### Extracted entries

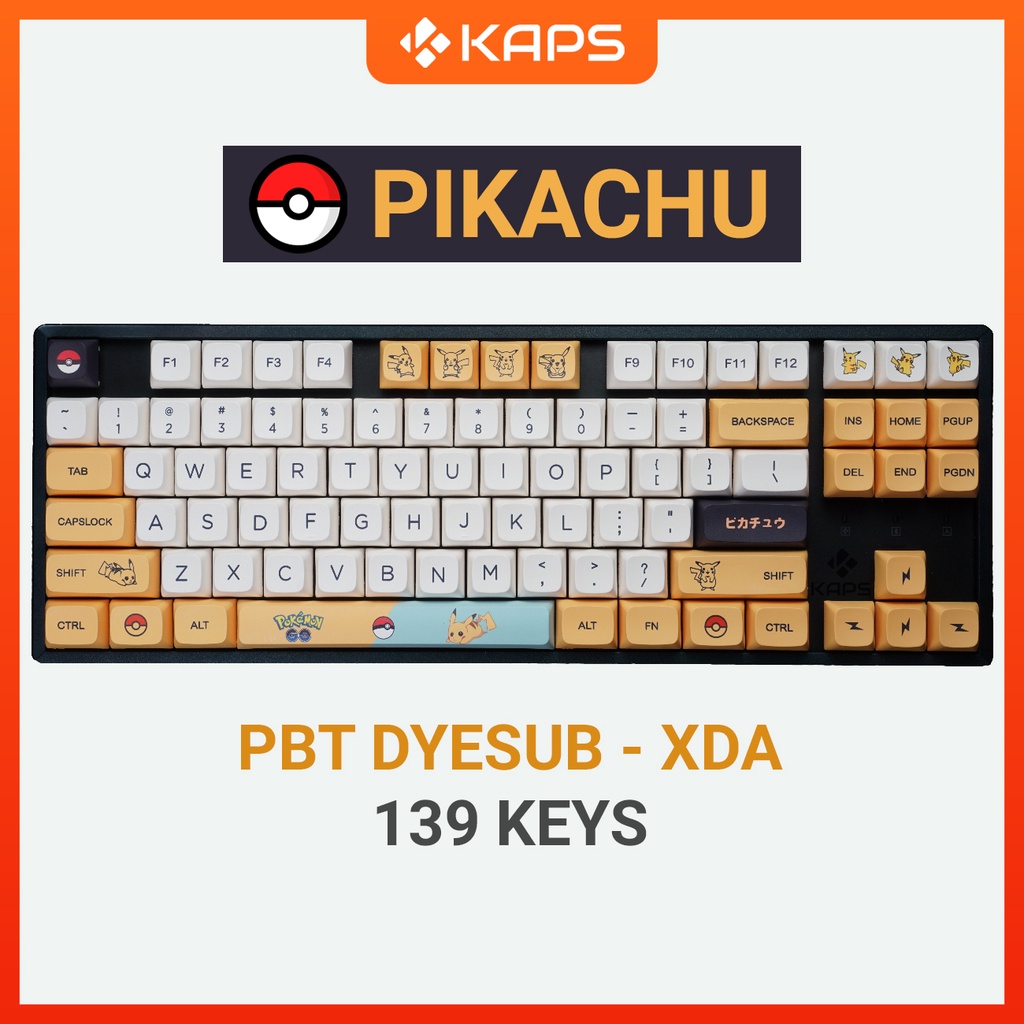 Keycap  Pikachu Anh, song ngữ Nhật PBT profile XDA in dyesub 139 nút cho bàn phím cơ layout 108/104/98/87/84/75/68/64/61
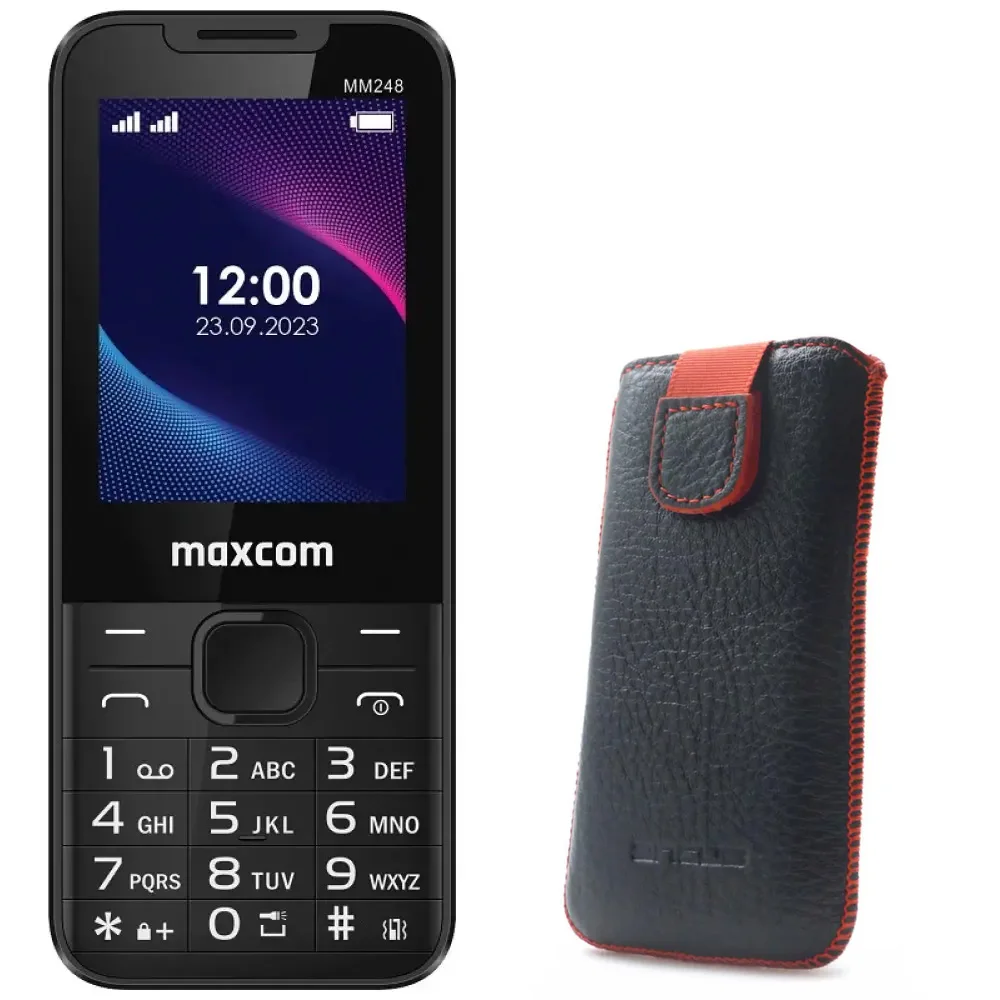Φωτογραφία προϊόντος: Maxcom Strong MM248 (Dual Sim) 2.4" 4G και Δώρο Θήκη Protect Ancus Δέρμα Μαύρη με Κόκκινη Ραφή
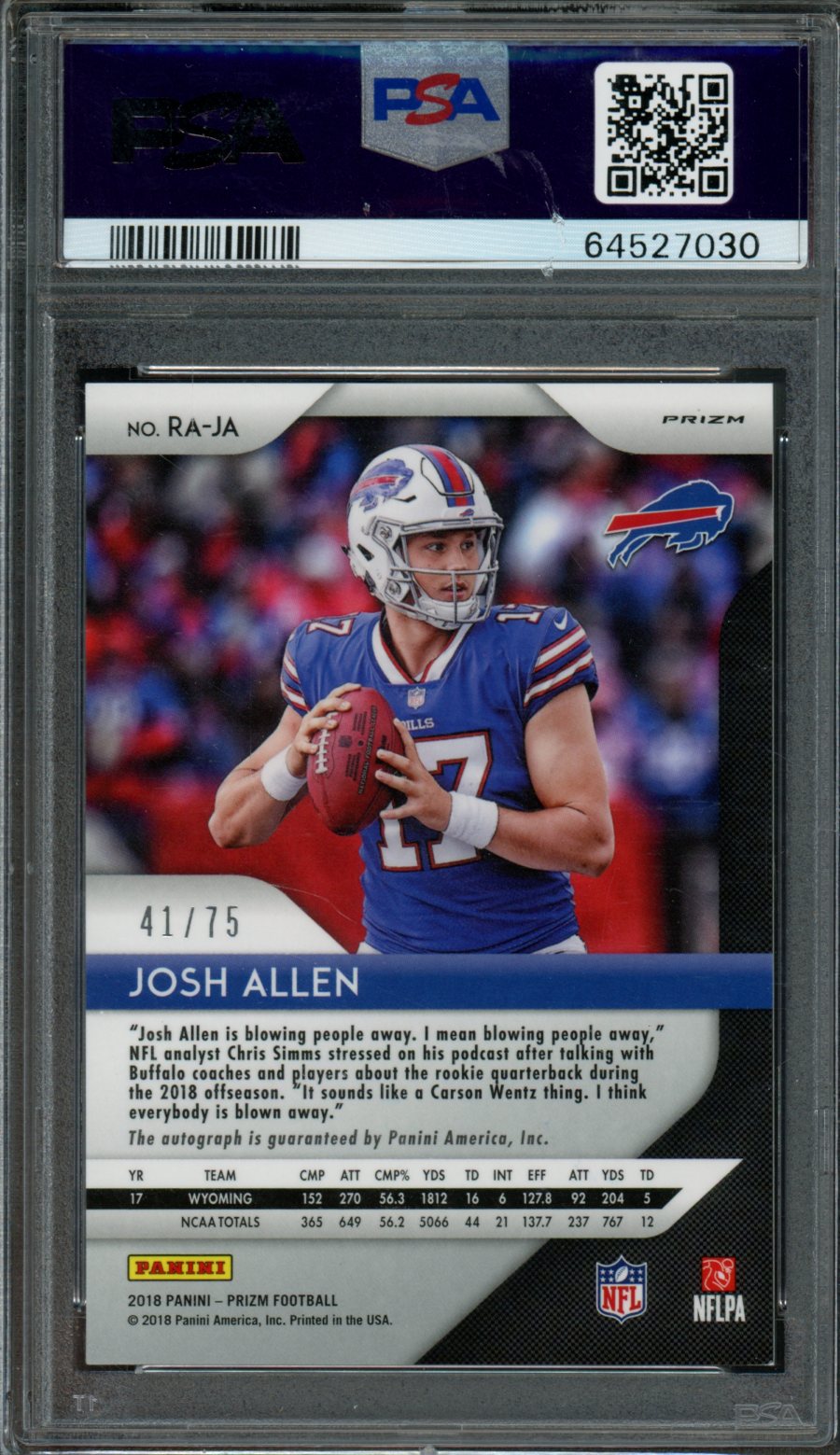 2020 Panini Prizm Football Josh Allen deals Purple Power /49 Mint Bills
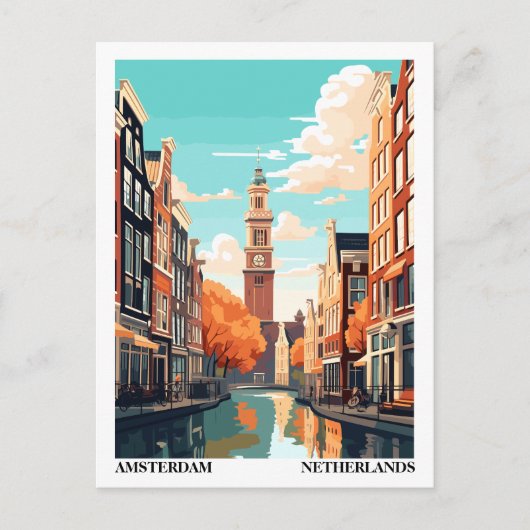 Amsterdam Retro Illustratie Reizen Briefkaart (Voorkant)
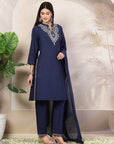 Solid Cotton Kurta Set with Embroidered Collar, Palazzo & Lace-Detailed Dupatta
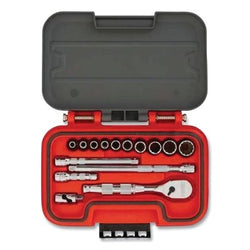 Combination socket set, 81 pieces, with 1/4 in., 3/8 in. and 1/2 in. drive, 6-point, 12-point, deep/standard, metric/SAE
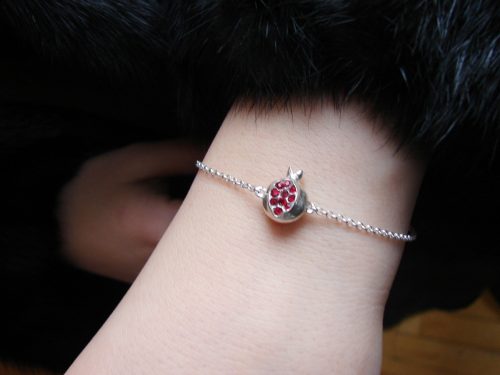 Bracelet Pomegranate Charm Sterling Silver 925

######

• **Exercise directions**
Each line, from the beginning of the listing to the line bearing "Amsterdam Retro Illustratie" inclusive, should be copied exactly; the pictures stay out.

• **Written solution**
 Keycap  Pikachu Anh, song ngữ Nhật PBT profile XDA in dyesub 139 nút cho bàn phím cơ layout 108/104/98/87/84/75/68/64/61
Φωτογραφία προϊόντος: Maxcom Strong MM248 (Dual Sim) 2.4" 4G και Δώρο Θήκη Protect Ancus Δέρμα Μαύρη με Κόκκινη Ραφή
 2020 Panini Prizm Football Josh Allen deals Purple Power /49 Mint Bills
 Amsterdam Retro Illustratie Reizen Briefkaart (Voorkant)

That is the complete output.